A front group for Muslim extremists has boasted of its intent to act as “kingmakers” in the general election, and claims to be able to influence the outcome of up to 30 seats.
Last month Azad Ali, a senior figure in Muslim Engagement and Development (Mend), presented a Muslim Manifesto to Lords and Parliamentarians of all parties in Westminster. A Tory candidate in a winnable seat has revealed that he was repeatedly offered large sums of money for his campaign if he agreed to sign up to the manifesto.
According to the Telegraph, Mend’s chief executive, Sufyan Ismail told an audience at Zakariyya Central Mosque in Bolton “David Cameron recently said that British Jews fighting for the IDF [Israeli army] will not be prosecuted.”
“But British Muslims going to Syria fighting against Assad… will definitely face interrogation. Now do you think that if we landed those 20 seats or 30 seats, he [Cameron] would have the audacity to say that to the Muslim community? Not a chance!”
He explained that the group had organised to “batter the Israeli lobby” in the Commons. “Right now, we are negotiating with the Labour leadership, we are negotiating with the Tory leadership and insh’allah [God willing] will start with the Lib Dem leadership as well, where we have a list of manifesto pledges.
“The Muslim vote is worth ten ordinary votes because… we are heavily concentrated in a few areas,” he said. “Anybody who can give any one party 10, 20, 30 seats, like we can, they have to listen to you.”
A Labour spokesman denied that any negotiations had taken place, saying: “We receive submissions and requests from hundreds of organisations, but it is completely wrong to suggest Mend has any influence over Labour’s manifesto process.”
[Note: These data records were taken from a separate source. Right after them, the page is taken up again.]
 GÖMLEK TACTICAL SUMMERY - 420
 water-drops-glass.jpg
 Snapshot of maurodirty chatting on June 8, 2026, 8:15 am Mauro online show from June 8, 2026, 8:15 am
However, the Labour Members of Parliament Yasmin Qureshi, Gerald Kaufman, Kate Green and Andy Slaughter were all present at the launch of the Muslim Manifesto last month, as was Shadow Cabinet Office minister Jon Ashworth, who added: “I think this manifesto is really important and a great initiative. I will be studying it very carefully and I will be passing it on to our Shadow Cabinet”.
And former Conservative cabinet member Baroness Warsi, who was also present at the launch, commented “[The] Muslim Manifesto is something you can take to your election candidates.”
The manifesto includes commitments to “Celebrate and support Muslim heritage and cultural institutions,” and to “Eliminate the root causes of institutional discrimination against Muslims and introduce tougher legislation to prevent it.” It also calls on government to “allow Muslims greater access to decision-making processes in the security services.”
Last Friday, both Baroness Warsi and Kate Green, Labour’s shadow equalities minister and vice-chair of its national policy forum, spoke at a “professionals fundraising dinner” in Manchester organised by Mend.
Also speaking at the event was Abu Eesa Niamatullah, who has referred to British people as “animals”, insisted that women should not work, and has attacked democracy, and Yasir Qadhi, a salafist Muslim who drew a parallel between the actions of the American government in ordering drone strikes on the middle east with those of the terrorist who flew the planes into the twin towers on 9/11.
The Conservative Party has not responded to questions put by the Telegraph regarding Mend’s claims to be in discussions with its leadership.